Exercise -> Copy out the data word for word, without any of its pictures.

Data for the task ->
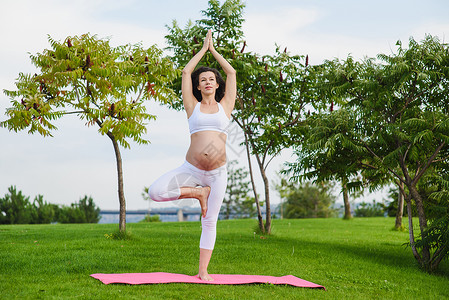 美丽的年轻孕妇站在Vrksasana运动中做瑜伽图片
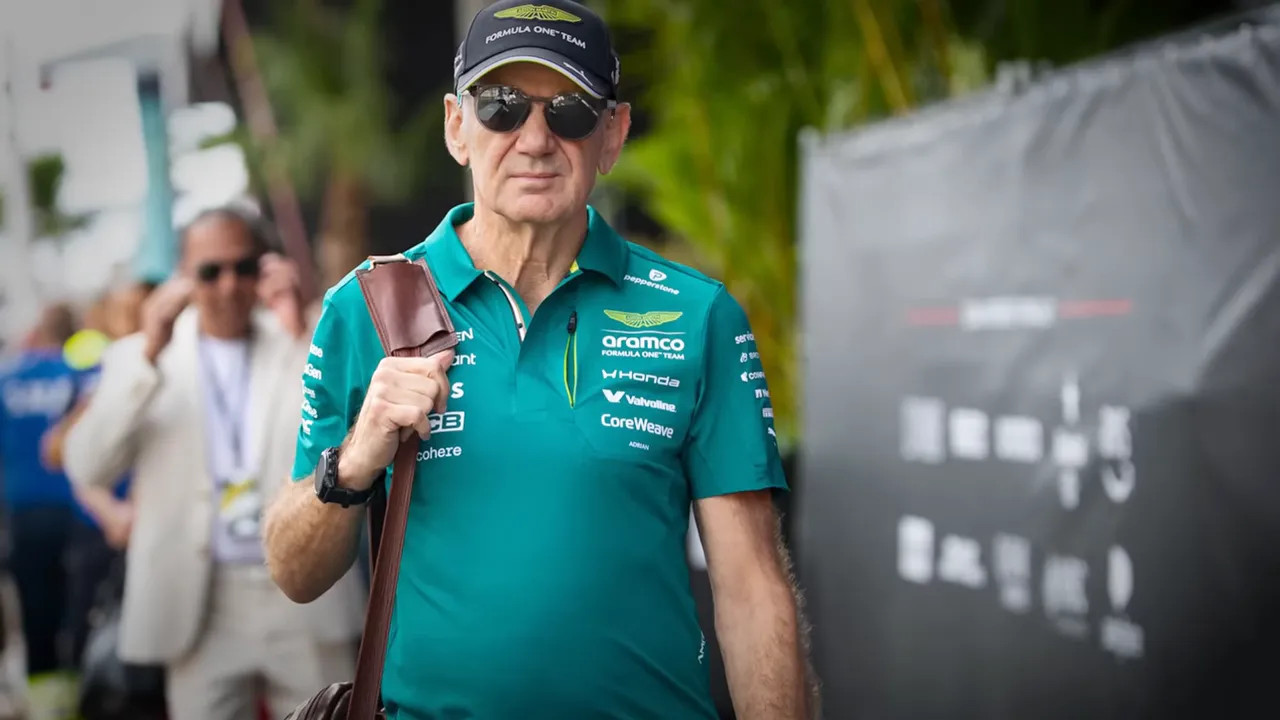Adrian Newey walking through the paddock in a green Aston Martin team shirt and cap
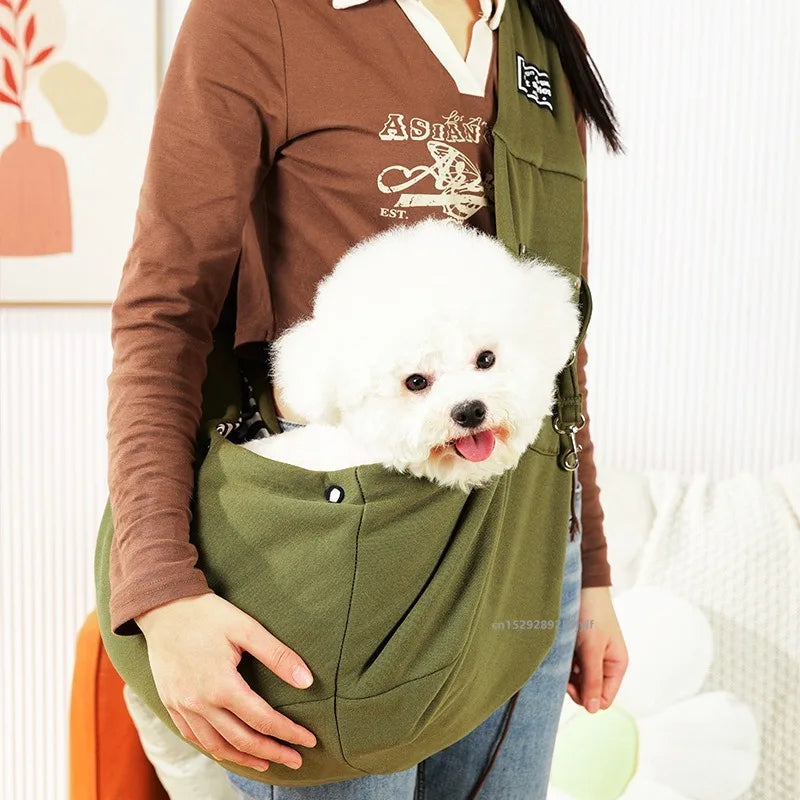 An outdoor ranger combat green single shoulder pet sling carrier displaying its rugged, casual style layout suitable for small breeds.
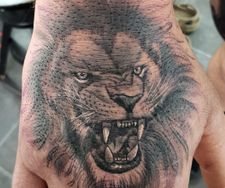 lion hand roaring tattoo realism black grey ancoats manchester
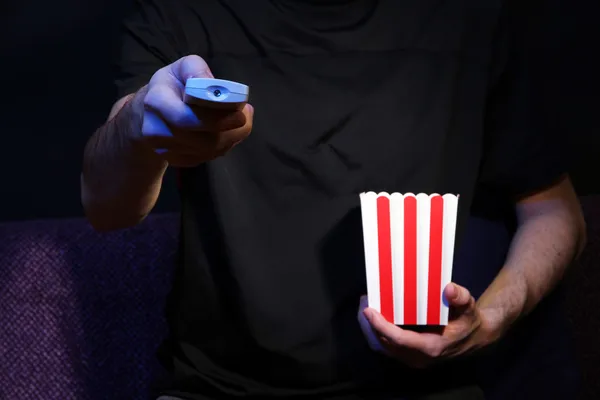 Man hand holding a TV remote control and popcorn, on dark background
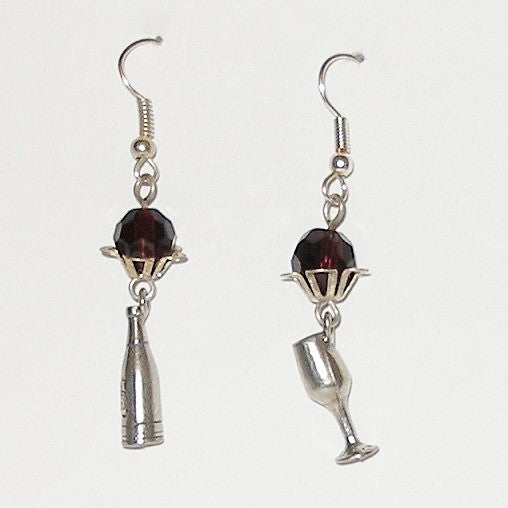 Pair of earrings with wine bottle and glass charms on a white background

Answer box ->
 美丽的年轻孕妇站在Vrksasana运动中做瑜伽图片
Adrian Newey walking through the paddock in a green Aston Martin team shirt and cap
 An outdoor ranger combat green single shoulder pet sling carrier displaying its rugged, casual style layout suitable for small breeds.
 lion hand roaring tattoo realism black grey ancoats manchester
 Man hand holding a TV remote control and popcorn, on dark background
 Pair of earrings with wine bottle and glass charms on a white background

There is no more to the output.